Neighborhoods and Cities
How
would you like to live in the desert without protection
from the sun or live outdoors in the winter? People everywhere need
protection from the weather to survive, and we call protective structures
"shelters."
Before
people knew how to heat or cool a building mechanically,
every climate required a different shelter. In northern countries
with heavy snows people built houses with steeply pitched roofs to
allow the snow to slide off.
Before
people used glass in windows, window openings were small
to keep out the wind in the north and the sun in the south. On tropical
islands, shelters have always had great umbrella-like roofs to shed
heavy rains and almost no walls so cooling breezes can pass through.
We
need shelter
Over
the centuries people have found that they cannot live without
protection from wind, sun, rain, snow, and extreme heat and cold.
Primitive people first found shelter in the natural environment, caves.
People later built their environment for protection, and although
thousands of years have passed, we still build our homes for this
reason. Even outside we look for the shade of trees when it is hot.
Climate
extremes affect the form of the environment. Although not
always apparent, every shelter, even in a moderate climate, responds
to people's basic needs for light, air, and protection from the elements.
We
build buildings and rooms for privacy and for places for
our different activities. If we had to, we could eat, sleep, cook,
read, play, and bathe in the same room. An Eskimo igloo is such a
place and so is an Indian teepee, but when people have a choice they
prefer not to live in one room. Just as we don't use a single room
for many purposes, we don't build a single building to be a church,
food market, and factory.
Most
buildings serve a number of uses.

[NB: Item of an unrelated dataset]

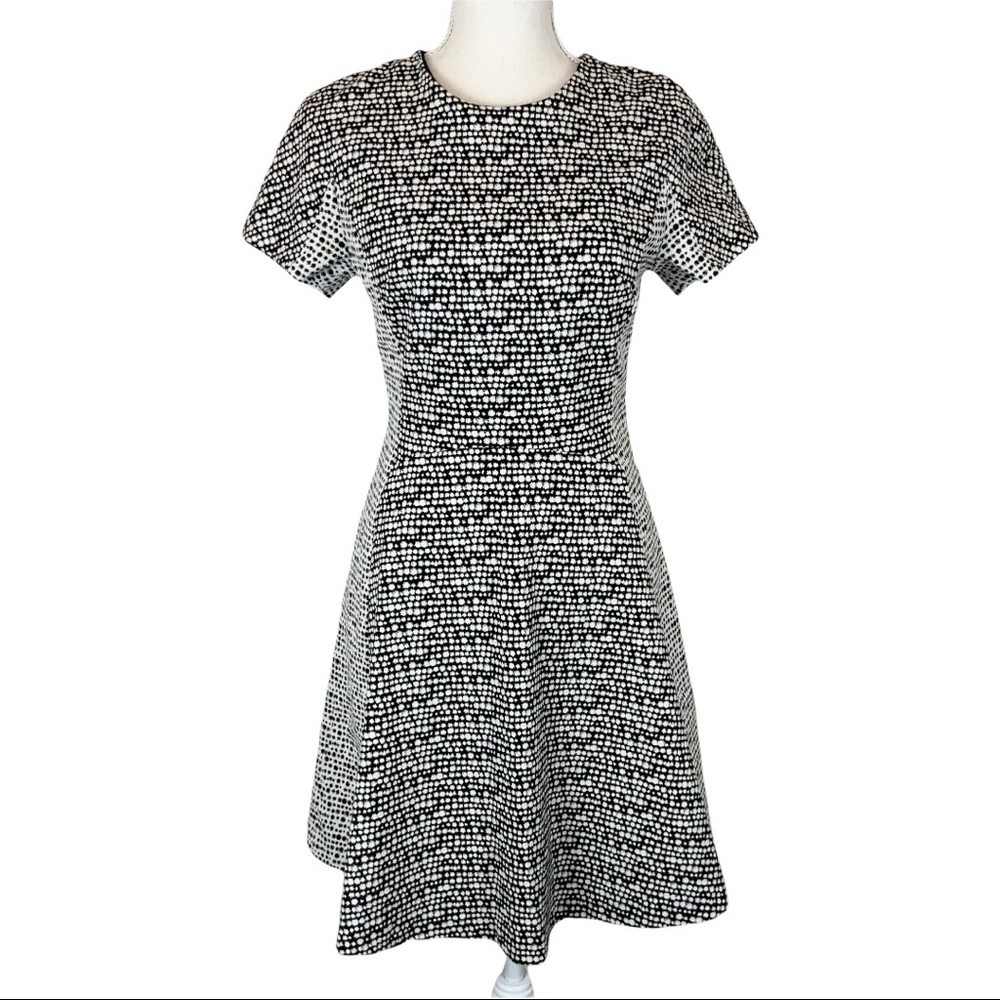 Banana Republic Factory Knit Jacquard Fit And Flare Dress In Black White Size 4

A school includes a gym,
an auditorium, offices, classrooms, a library and usually a lunchroom,
and we might use each room in several ways. In the classroom, for
example, we read, see films, hear music, write, and talk. This
ability to use a building or room for several purposes is called "versatile."
We need versatility, as well as variety, in our rooms and buildings
for the many acivities that are part of our way of life.